HTML Purifier against external resources

812 views Asked by At

I am pretty new to XSS and HTML Purifier (researched for a few days). Yet i have been a programming and web-dev guy for many years. (Yes i know shame that i didnt come across XSS. i thought of stuffs similar. But just didnt research it in depth.)

AFAIK, attackers can load their evil external JS in places like IMG's SRC, and in other valid tags' attributes as well. So i come upon an idea that, if i prohibit user's html to load resources outside my domain, (and purifier what i already have in my document/database,) can i say my site is free from XSS attacks?

Let me rephrase and structure my queries.

First, i am going to build a website, that allows users to input (directly or through upload) html codes. Quite typical.

I will use HTML Purifier to 'clear' the user codes.
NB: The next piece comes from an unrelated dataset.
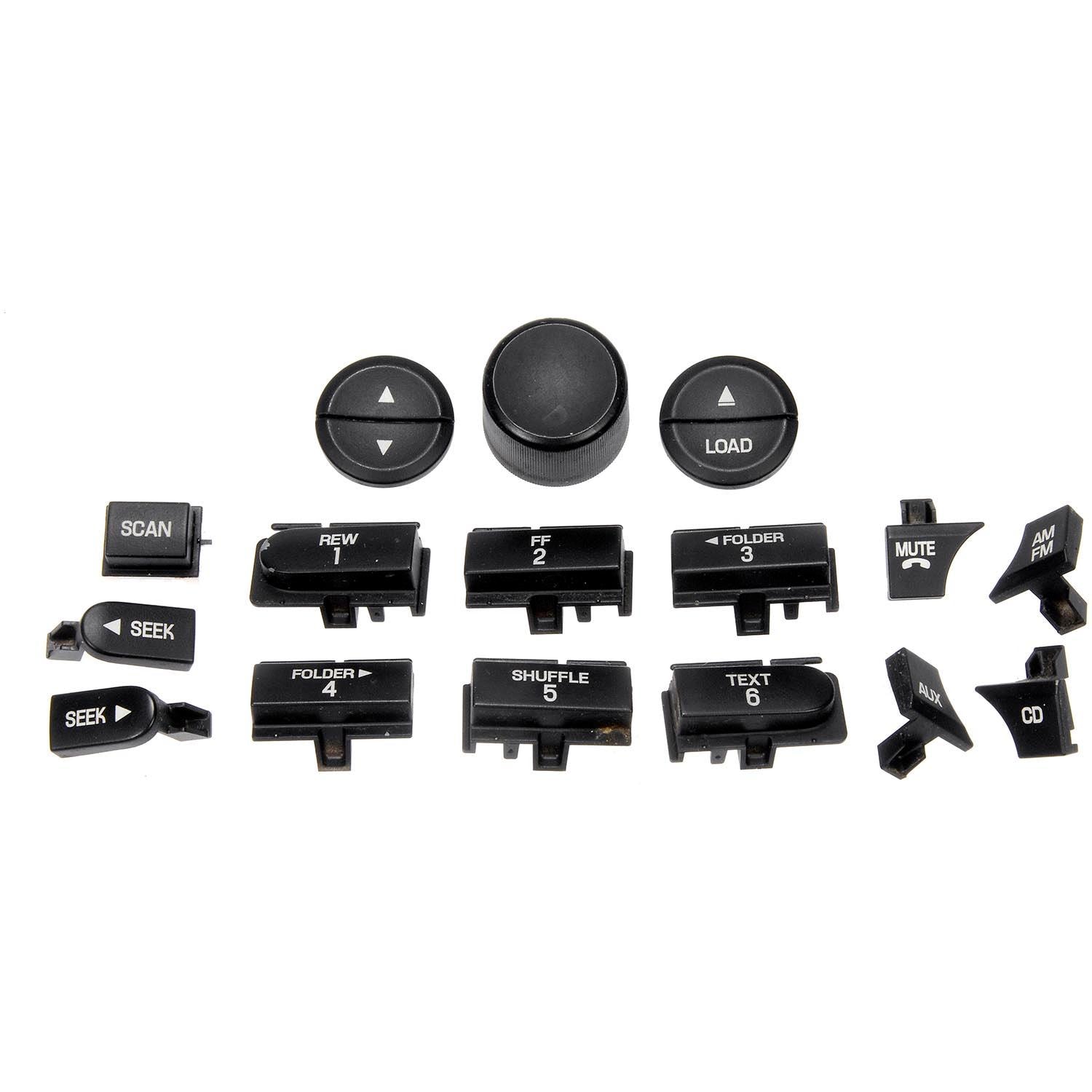 Dorman Radio Knob 76823 | AutoZone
The first question: (Q1) Even after using HTML Purifier, attackers can still load their evil scripts via valid html attributes. Is this true?

And (Q2) I suppose i cannot allow the <script> tag in the HTML Purifier setting, as any evil things can happen in the JS within the <script> tag. Is it true?

(Q3) Can HTML Purifier strip out all links, in anywhere of the text, that are not referring to the domains i trusted?

And finally, a theoretical issue (Q4) If the text has been HTML Purified, and no external links, can we say that it is absolutely free from XSS?

P.S. one more thing is that, i would like to allow certain (very limited) JS. Do you think it is ok to convert (my custom) tags like [ajax:getUserName] into real JS, in the final process?

Thanks very much!

1

There are 1 answers

7
Edward Z. Yang On

Let's assume for a moment that HTML Purifier has no security vulnerabilities (generally, it's a bad bet to assume software is not buggy, so beware.)

Q1: If you use HTML Purifier as described by the documentation (use it to purify HTML, put the result of HTML Purifier only in HTML contexts, configure your character encoding properly), then attackers should not be able to load their scripts. It is "safe" out of the box.

Q2: HTML Purifier will not allow you to allow the >script<; it will reject it as unknown.

Q3: Unfortunately, HTML Purifier only currently directly supports blacklisting strings in host names (using %URI.HostBlacklist) and only allow local links (%URI.DisableExternal). But you could define a URI filter for a more complicated policy.

Q4: The no external links restriction is not necessary, it should be free of XSS.

PS: That is OK, as long as you handle escaping user input that is included into the JS properly.